Pada tahun 2019 kali ini, cukup terdapat
kesamaan dari perayaan idhul adha pada tahun sebelumnya, ialah ucapan-ucapan
yang membludak dari akun media sosial, baik itu yang bersifat pribadi maupun
milik bersama. “Selamat hari raya idhul adha....bla bla bla...”, kira-kira
begitu ucapan secara umum. Hal tersebut sangat positif, mengingat teori
sentimen masyarakat milik salah seorang sosiolog kenamaan, Emile Durkheim,
selalu compatible dari zaman ke zaman. Orang akan ikut merasakan kemeriahan
idhul adha, tanpa harus datang ke masjid-masjid, mushola-mushola untuk terlibat
paduan suara takbir.
Zaman
digital yang sudah merasuk dalam sanubari masyarakat kita, sejak sekitar 10
tahunan memberikan angin segar dan warna yang berkilau bagi keberagamaan
ditengah keberagaman. Orang bisa mengekspresikan keberagamaannya, tanpa
dihalangi oleh hirarki struktur masyarakat, juga tanpa tersendat oleh
feodalistik yang terselubung. Tingkat pendidikan dan keahlian seseorang, tidak
lagi mengalau laju ekpresi-ekspresi keberagamaan. Orang bisa “sewudele dewek”
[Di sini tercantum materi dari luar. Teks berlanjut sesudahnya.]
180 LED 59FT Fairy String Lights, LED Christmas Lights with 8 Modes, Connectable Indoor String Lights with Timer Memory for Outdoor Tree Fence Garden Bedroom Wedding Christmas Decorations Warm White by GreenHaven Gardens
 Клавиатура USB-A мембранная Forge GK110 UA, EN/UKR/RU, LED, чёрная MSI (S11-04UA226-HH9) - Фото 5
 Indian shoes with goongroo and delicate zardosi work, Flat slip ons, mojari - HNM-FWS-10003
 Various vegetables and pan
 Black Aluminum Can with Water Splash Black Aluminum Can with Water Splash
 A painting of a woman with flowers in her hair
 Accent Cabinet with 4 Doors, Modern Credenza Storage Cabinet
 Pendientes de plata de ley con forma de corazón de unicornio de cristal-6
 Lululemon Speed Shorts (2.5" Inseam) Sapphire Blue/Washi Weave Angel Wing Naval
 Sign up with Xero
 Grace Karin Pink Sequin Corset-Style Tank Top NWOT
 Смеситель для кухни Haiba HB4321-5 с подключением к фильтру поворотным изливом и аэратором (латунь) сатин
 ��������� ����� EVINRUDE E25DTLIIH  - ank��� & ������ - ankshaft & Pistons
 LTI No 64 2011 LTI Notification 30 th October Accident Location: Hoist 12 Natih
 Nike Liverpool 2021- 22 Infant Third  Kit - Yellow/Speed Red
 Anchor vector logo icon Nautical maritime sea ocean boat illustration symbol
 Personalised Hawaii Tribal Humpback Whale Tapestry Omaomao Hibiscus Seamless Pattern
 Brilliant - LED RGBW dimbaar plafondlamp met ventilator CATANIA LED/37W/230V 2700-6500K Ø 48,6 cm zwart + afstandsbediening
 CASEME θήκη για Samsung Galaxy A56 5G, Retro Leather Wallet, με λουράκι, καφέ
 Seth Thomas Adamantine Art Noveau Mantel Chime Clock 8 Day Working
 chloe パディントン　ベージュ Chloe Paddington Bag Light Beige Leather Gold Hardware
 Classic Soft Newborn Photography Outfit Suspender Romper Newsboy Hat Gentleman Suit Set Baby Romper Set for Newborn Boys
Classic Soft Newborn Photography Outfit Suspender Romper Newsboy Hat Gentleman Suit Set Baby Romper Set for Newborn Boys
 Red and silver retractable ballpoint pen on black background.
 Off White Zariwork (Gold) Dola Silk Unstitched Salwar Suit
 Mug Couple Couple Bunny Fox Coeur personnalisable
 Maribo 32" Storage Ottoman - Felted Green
selfie, dalam rangka membagikan aktifitas keberagamaannya, misalnya saat usai
sholat id.
“Jejak Ibrahim”, merupakan penggambaran yang
eksis dan esensi, dari pada idhul adha ini. Dimana sudah kita ketahui bersama,
bahwa Nabi Ibrahim AS diperintahkan untuk menyembelih anaknya, yang kelak
menjadi Nabi pula, yaitu Ismail. Kita bisa membayangkan, bagaimana gejolak
psikis Nabi Ibrahim AS, ketika mendapatkan perintah Alloh SWT tersebut. Takut,
cemas, sampai stress, tentu akan menimpa manusia biasa pada umumnya, begitu
juga yang menimpa Nabi Ibrahim AS. Namun, karena ini merupakan perintah Tuhan
yang maha besar, maka mau tidak mau harus dilakukan.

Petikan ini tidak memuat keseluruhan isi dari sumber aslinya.